A local Christian college president has resigned after news that he plagiarized a chapter of his book. The Board of Directors did not ask him to step down. He took that on himself. Perhaps it’s an honorable move, but his explanation leaves me with doubt. He said he did not understand copyright laws at the time, and that it was “a major academic mistake.” The minister whose work was copied is quoted saying, “He told me that he had read my book in college, liked it, and was under the impression that I had passed away or that it was no longer in print when he used it.”
The former president said he tried to give proper credit to the minister in most recent editions by adding the minister’s photo and contact information to the front of the book. “There was not a cover up,” he said, “and I was planning on re-writing that section of the book anyway.”
How does any of this justify taking someone else’s published words as your own?
It does make you wonder what he was thinking. Is he so confused that he thinks any of those explanations is not completely beside the point?
It would be easier to understand if he said, “I gave into the temptation to present some good work as my own, and I felt it would do little harm to the real author, which made it easier to justify my wrongdoing to myself — but it was dishonest, and I’m ashamed.”
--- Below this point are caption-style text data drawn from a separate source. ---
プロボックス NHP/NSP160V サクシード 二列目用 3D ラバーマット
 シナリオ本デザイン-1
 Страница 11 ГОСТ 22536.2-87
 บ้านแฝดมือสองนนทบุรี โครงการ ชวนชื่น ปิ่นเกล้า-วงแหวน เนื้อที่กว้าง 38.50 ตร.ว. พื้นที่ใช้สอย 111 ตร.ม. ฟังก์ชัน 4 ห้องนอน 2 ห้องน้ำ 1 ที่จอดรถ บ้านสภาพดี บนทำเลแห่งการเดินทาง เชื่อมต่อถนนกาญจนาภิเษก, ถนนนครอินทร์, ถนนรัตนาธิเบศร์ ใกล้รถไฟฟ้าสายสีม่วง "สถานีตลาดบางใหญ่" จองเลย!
I can’t judge his motives, but I’ve seen this kind of thing too often. I generally assume it’s sloppiness, not outright theft–that is, not understood to be outright theft. We’ve talked about this before on this blog.
Perhaps in contradiction of what I say above, I read the last quote from the former president very harshly. “I was planning to re-write that section of the book anyway?” That’s the type of thing someone says when he knows he has done the wrong thing.